Lamentablemente, la obra del italiano
Leonardo Sciascia (1921-1989) es ignorada por la gran mayoría de los lectores
españoles. Figura fundamental de la novela italiana de postguerra, su
producción se ha visto, quizás, ensombrecida por la de autores de su generación
como Moravia, Calvino o el fugaz y prodigioso Lampedusa. A partir de los años
70 su obra tuvo cierta revalorización cuando sus dos mejores novelas fueron
adaptadas al cine: Todo modo y El contexto. A España llegó
también en esa década a través de la editorial Noguer; aunque sería Tusquets
quien, en la década siguiente (y hasta el presente), tiene el firme propósito
de publicar la casi totalidad de sus novelas a través de la Colección Andanzas
y la Colección Fábula.
En El Consejo de Egipto, obra de
1963, Sciascia muestra ya las virtudes que habrían de emerger plenamente en su
obra posterior. Una capacidad grandiosa de fabulación, una sutil ironía, una
aparente ambigüedad ideológica que irremediablemente desemboca en la denuncia
de la injusticia. El argumento de la obra no tiene desperdicio: en la Sicilia
de finales del siglo XVIII, la sociedad —sobre todo la nobleza— palidece ante
los horrores que pueden provenir de la vecina Francia revolucionaria. La
Ilustración todavía no ha llegado a aquellas latitudes y la superstición campa
a sus anchas. Aprovechándose de una casualidad, el abate Vella, ambicioso y sin
escrúpulos, finge traducir un antiquísimo códice escrito en árabe —«El Consejo
de Egipto»— donde se ponen en entredicho los provilegios de la aristocracia
siciliana en beneficio del poder Real y monárquico. El fraude —pues no existe
tal códice, sino que es el mismo traductor quien lo inventa y escribe empleando
una jerga propia— va a remover los cimientos de la sociedad palermina; y el
abate Vella va a ver engordar sus arcas a cambio de ciertos “favores
históricos”. Todo es, desde luego, un dislate y una comedia que el abate va a
continuar durante más de una década. Los aristócratas ven perder sus feudos y
privilegios, igualándose con la plebe que ha de pagar los correspondientes
impuestos a la Corona; mientras el abate Vella va dando esperanzas según las
dádivas que le llegan. La objetividad de la Historia, parece decirnos Sciascia,
es un espejismo; irónica y tristemente, la Historia pertenece y beneficia a
aquellos que pueden pagarla. La traducción del «Consejo de Egipto», su
redacción última, dependerá de los deseos caprichosos del abate Vella. La Historia, es obvio, la escriben siempre los vencedores.

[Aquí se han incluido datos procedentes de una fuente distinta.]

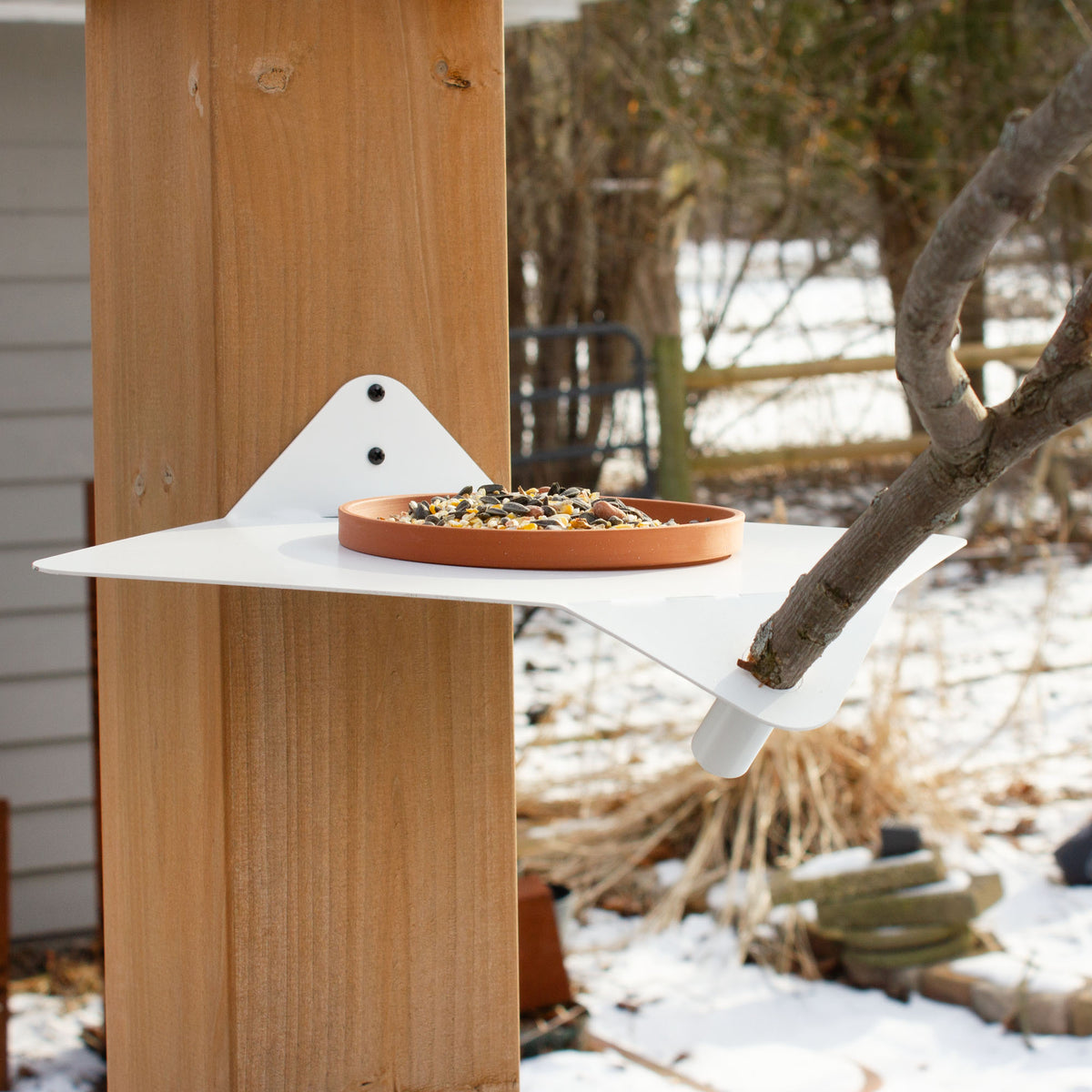 Branching Out Modern Bird Feeder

Pero nuestros actos precisan de testigos
que los alaben. Y así, el abate Vella prefiere salir del anonimato de ser un
simple traductor para convertirse en un extraordinario fabulista y creador; por ese motivo, no
duda en revelar su fraude, porque necesita demostrar su valía como inventor de
supercherías.
Paralela a esta trama se desarrolla otra
más trágica. Un abogado de la ciudad, el venerado Di Blasi, pretende realizar
una revolución en pro de la Razón. Traicionado y apresado, será decapitado tras
sufrir crueles torturas. La descripción del juicio, alternado con los
tormentos, nos da una idea de la frágil y aleatoria Justicia que gobierna la
ciudad. Un tema, este de la Justica, en el que Sciascia reincide en todas sus
novelas (cfr. 1912+1 o Puertas abiertas, que también reseñé en este blog).
El abate Vella y el abogado Di Blasi
presentan dos modos paralelos de intentar la Revolución (o al menos de
pretender que la sociedad feudal imperante desaparezca); pero Di Blasi es
ingenuo y crédulo, y confía a ciegas en la fuerza de la Razón. El abate Vella,
más realista y más avispado, sabe que la Revolución en imposible, que la
superstición del pueblo sólo se puede acallar con una nueva superstición (el
fraudulento «Consejo de Egipto»), y desde luego nunca con la Razón. Tancredi,
el sobrino del príncipe Fabricio —el protagonista de El Gatoparto, la gran novela sobre Sicilia— lo expresó de un modo inolvidable: «Si
queremos que todo siga como está, es preciso que todo cambie». La oración
deviene en axioma, lamentablemente.
Leonardo Sciascia,
El Consejo de Egipto, Tusquets Editores, Barcelona. 194 páginas.